Durcissement des conditions d’éligibilité pour l’ensemble des demandeurs, et dégressivité des allocations pour les plus hauts revenus

Défendant l’instauration de nouvelles règles pour inciter davantage à la reprise d’un emploi, le gouvernement s’apprête à modifier les conditions pour prétendre à une indemnisation. Actuellement, il suffisait d’avoir travaillé 4 mois au cours des 28 derniers mois. Désormais, il faudra justifier six mois d’activité sur les 24 derniers. « Les règles actuelles datent de 2009, c'est-à-dire d'une époque où il fallait amortir le choc de la crise économique et financière. Aujourd'hui, la conjoncture est meilleure. Il est donc normal que les règles d'accès changent aussi », a justifié le Premier ministre.

Sur 6,3 millions de demandeurs d’emplois inscrits à Pôle Emploi à la fin 2017, 57% étaient indemnisables, et 41% seulement étaient effectivement indemnisés par l’Assurance chômage. Avec la nouvelle réforme, la CGT craint que l’on passe d’un système où un demandeur sur deux est indemnisé, à une proportion d’un sur trois.

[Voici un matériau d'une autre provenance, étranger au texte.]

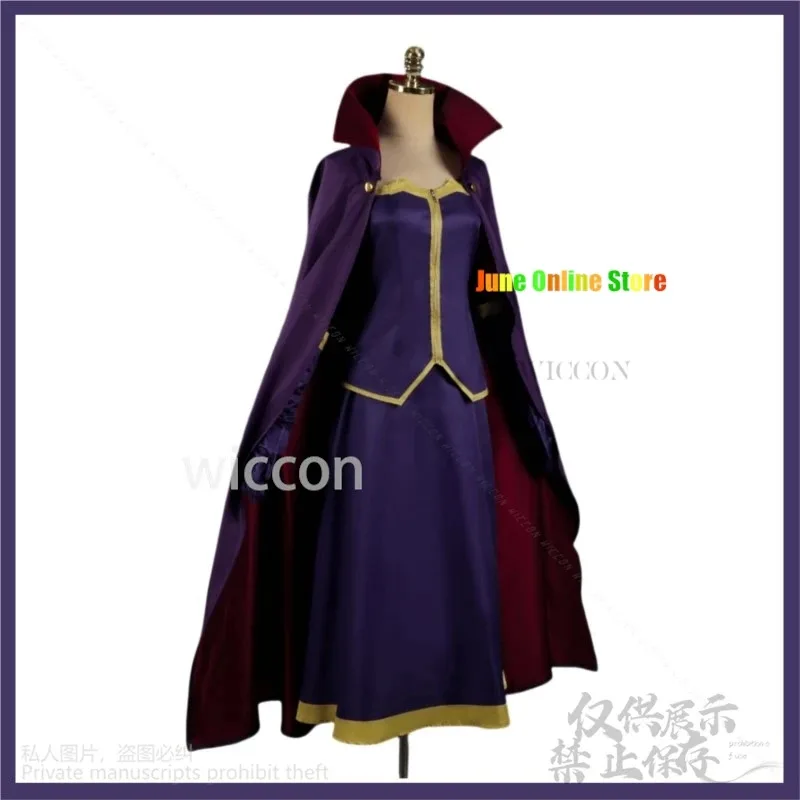 asdh8@Anime the Strongest Magician In Demon Lord's Army Was A Human Sephiro Cosplay Costume Cloak Uniform Woman Halloween Su
asdh8@Anime the Strongest Magician In Demon Lord's Army Was A Human Sephiro Cosplay Costume Cloak Uniform Woman Halloween Su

Les conditions de rechargement des droits sont aussi durcies. Les allocataires devront avoir travaillé six mois pendant leur période de chômage pour voir leur période d’indemnisation prolongée d’autant. Actuellement, seul un mois d’activité était nécessaire.

Un mécanisme de dégressivité est aussi introduit pour diminuer les allocations touchées par les hauts-revenus. S'ils ont moins de 57 ans, les demandeurs d'emploi qui ont un salaire mensuel supérieur à 4.500 euros brut verront leur indemnisation réduite de 30 % à partir du septième mois. Selon le gouvernement, ces personnes sont qualifiées et leur taux de chômage n’est que de 3,8 %, 5 points de moins que pour l’ensemble des actifs. « Il faut bien admettre qu’un certain niveau d’indemnisation n’incite pas à un retour à l’emploi », considère Muriel Pénicaud. Le Premier ministre n’a pas manqué de souligner que le plafond de l’allocation était « largement supérieur à la moyenne européenne ». Or, il faut rappeler que seulement 5 % des allocataires touchent une indemnité chômage supérieur à 1810 euros net. Et 0,05 % touchent l’allocation maximale de 6615 euros net (chiffre de la fin 2017).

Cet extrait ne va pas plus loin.